Items from a data source:
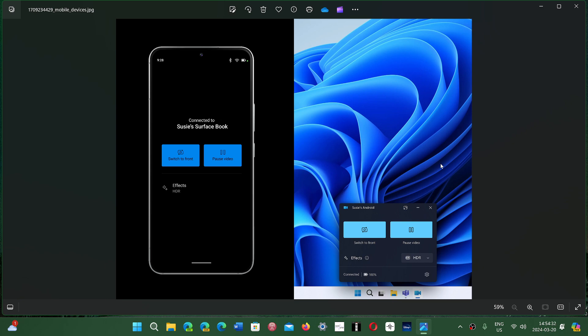So instead of buying an external webcam like a Logitech C920, you'll be able to use your phone's camera instead for streaming and all sorts of things.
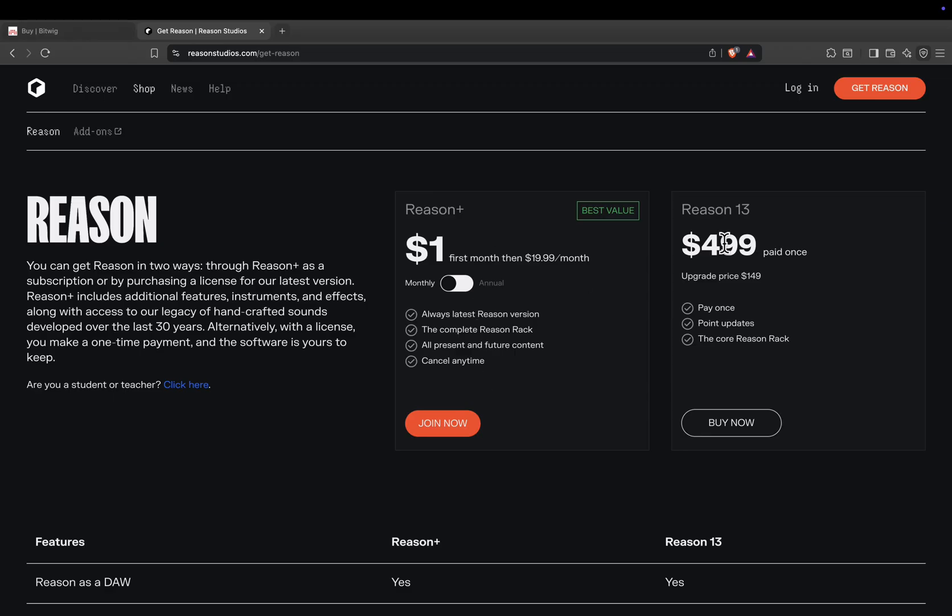Reason 13, perpetual license, $499 one-time payment, with an upgrade price of $149. Includes the core Reason rack and point updates.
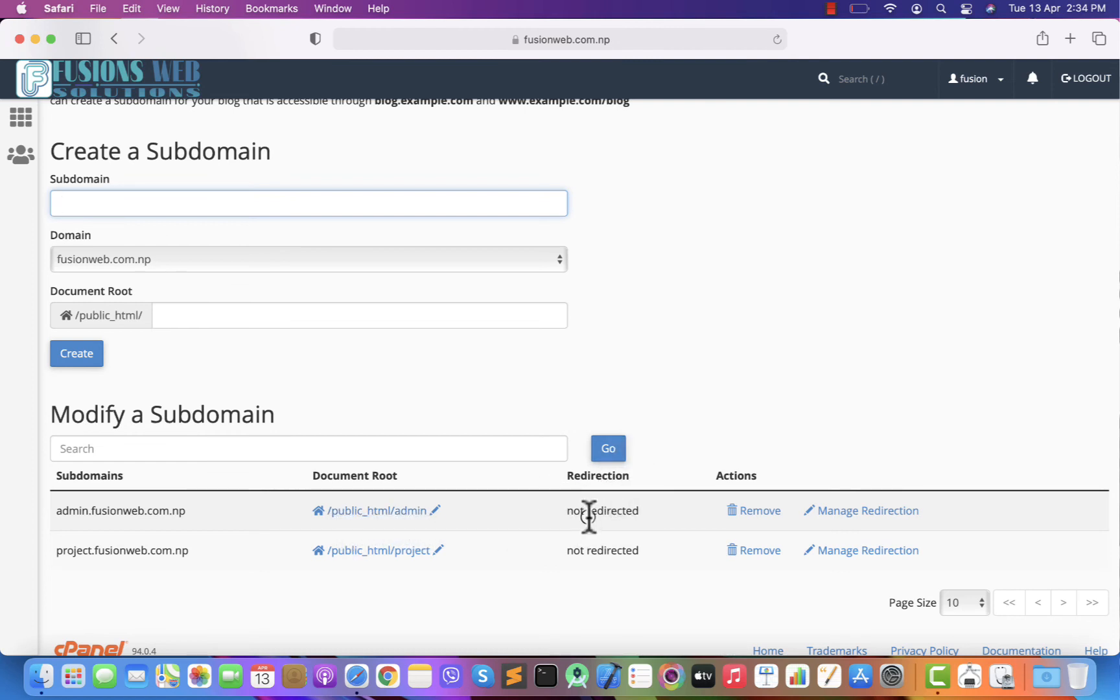This is redirection. We haven't given any redirection. This is the action. Anytime you want you can delete your subdomain and you can manage your redirection.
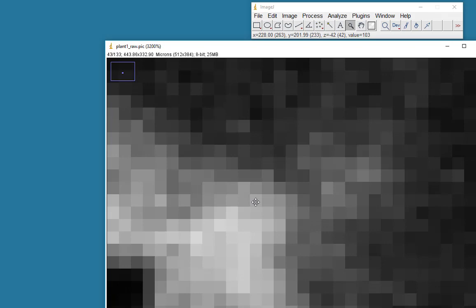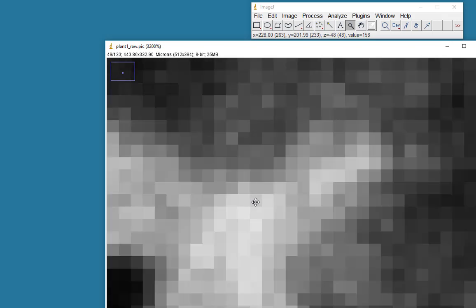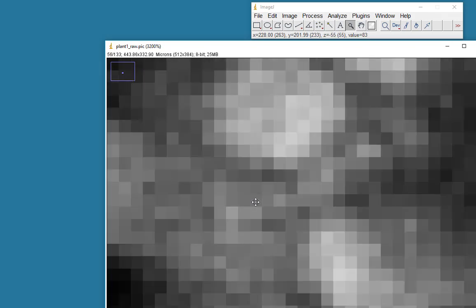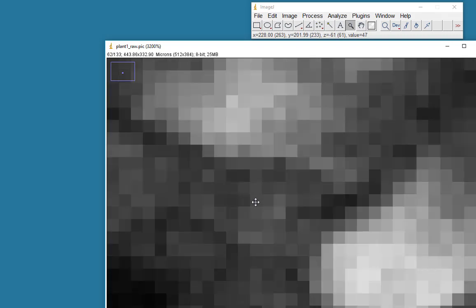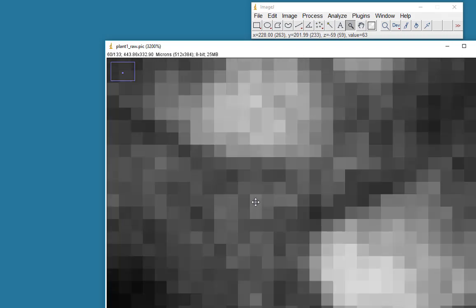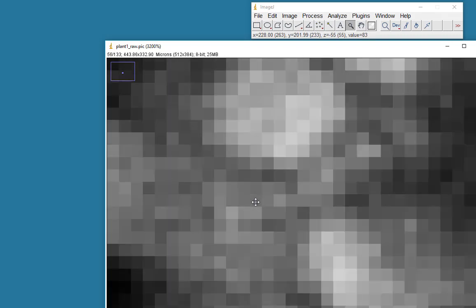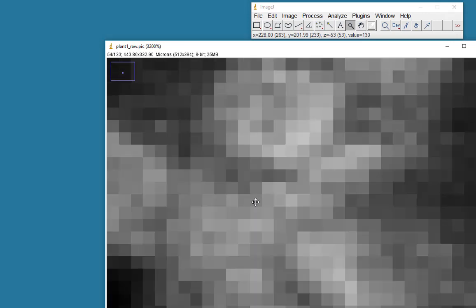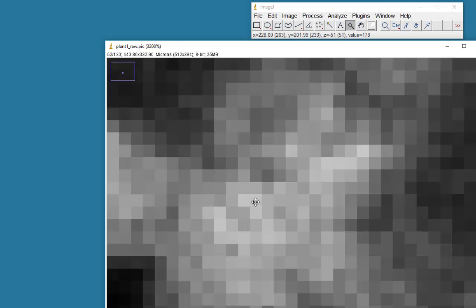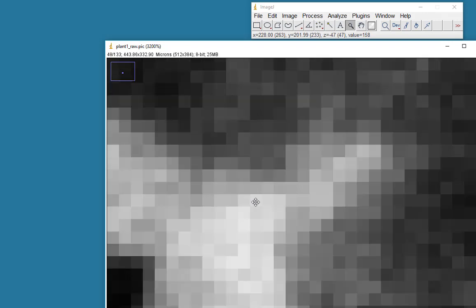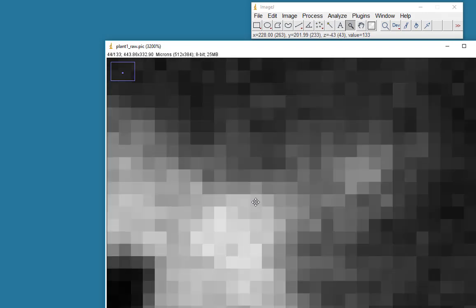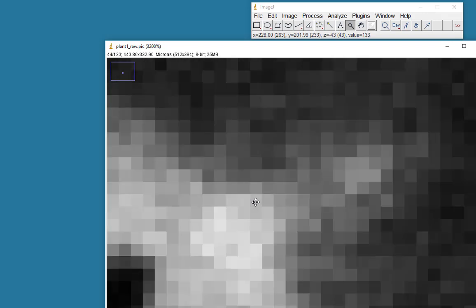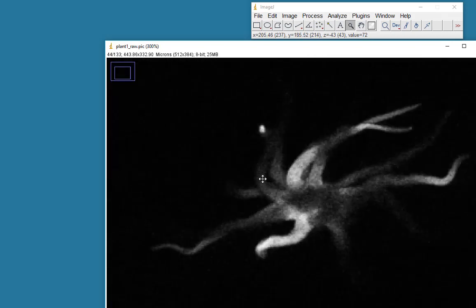So there's a variety of intensity values at that single location. We will use those numbers to make the Z projection. A maximum intensity projection would be an image which represents at that pixel location the highest intensity value, the highest intensity value in this column of data. It should be a bit clearer as we make the image.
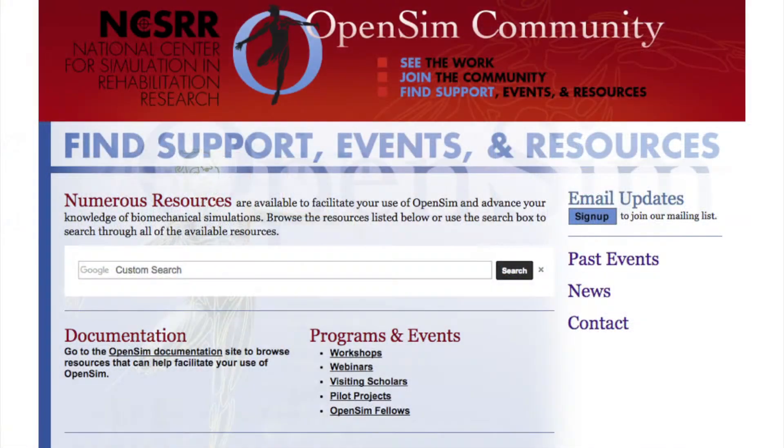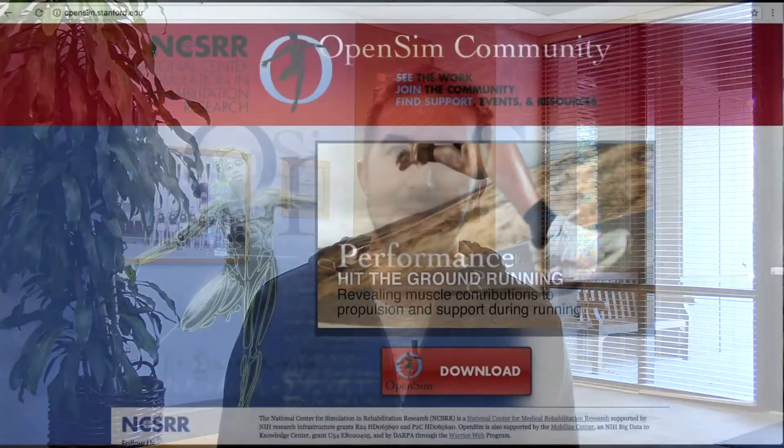Probably the most helpful thing I've found is on the OpenSim support website — there's a Google search bar that will show you everywhere on the OpenSim website that somebody has asked about the question you're looking to answer. That's where I start pretty much every time I'm having a problem.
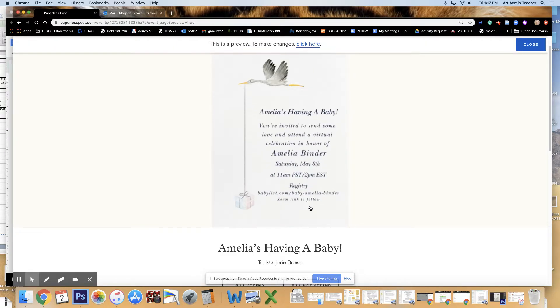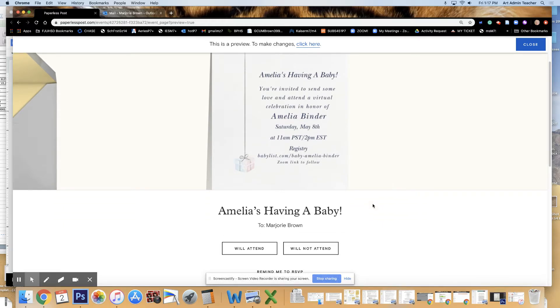So here I made the change that Amy referred. There was like a space, so that's gone.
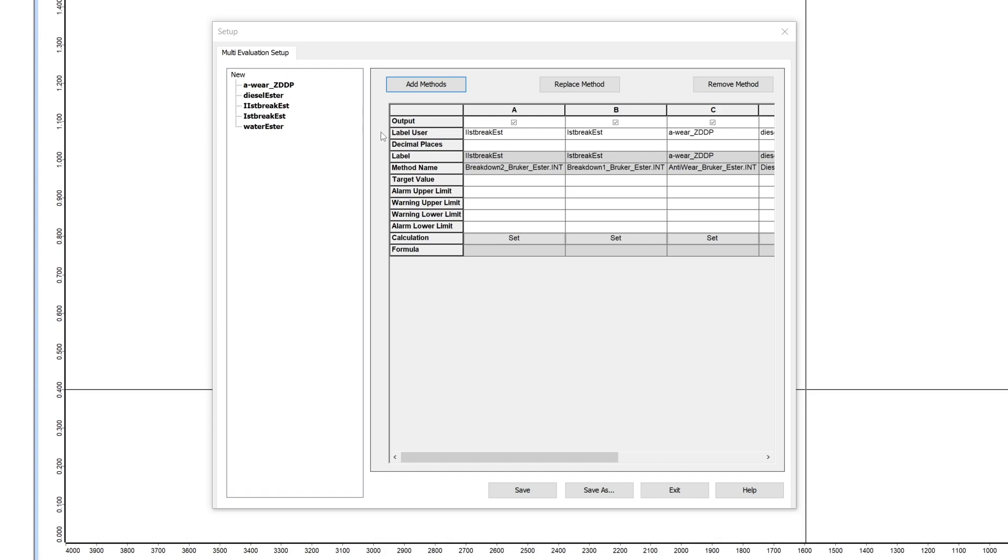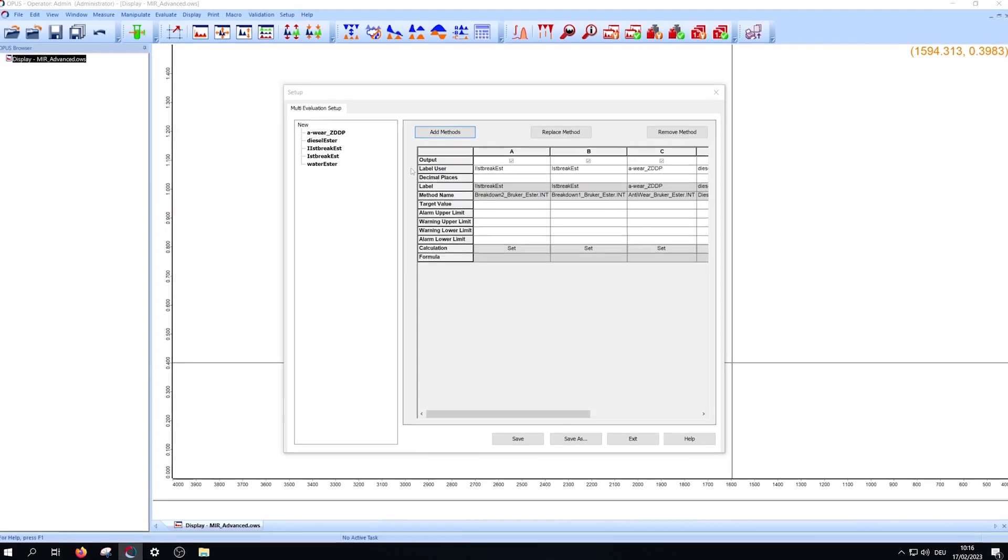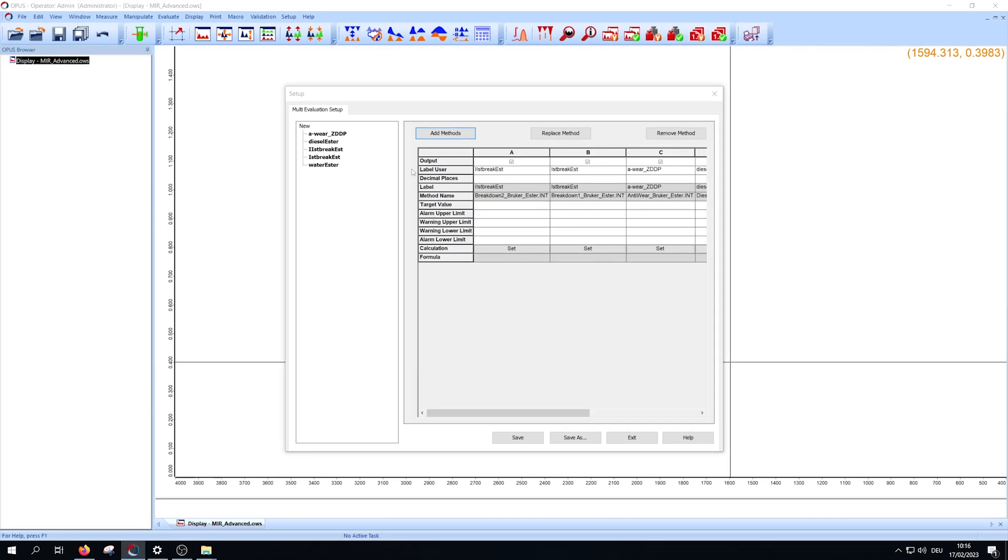Per default they have the same entry like the label, but you can change them. This is a name which will be written in your report. You can also change the number of decimal places your values will have in the report.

> **Directions**:
Pictures stay out of the copy. Reproduce exactly the lines from the one containing "So there's a" through the last line of the records above, both included.

> **Exercise solution**:
So there's a variety of intensity values at that single location. We will use those numbers to make the Z projection. A maximum intensity projection would be an image which represents at that pixel location the highest intensity value, the highest intensity value in this column of data. It should be a bit clearer as we make the image.
Probably the most helpful thing I've found is on the OpenSim support website — there's a Google search bar that will show you everywhere on the OpenSim website that somebody has asked about the question you're looking to answer. That's where I start pretty much every time I'm having a problem.
So here I made the change that Amy referred. There was like a space, so that's gone.
Per default they have the same entry like the label, but you can change them. This is a name which will be written in your report. You can also change the number of decimal places your values will have in the report.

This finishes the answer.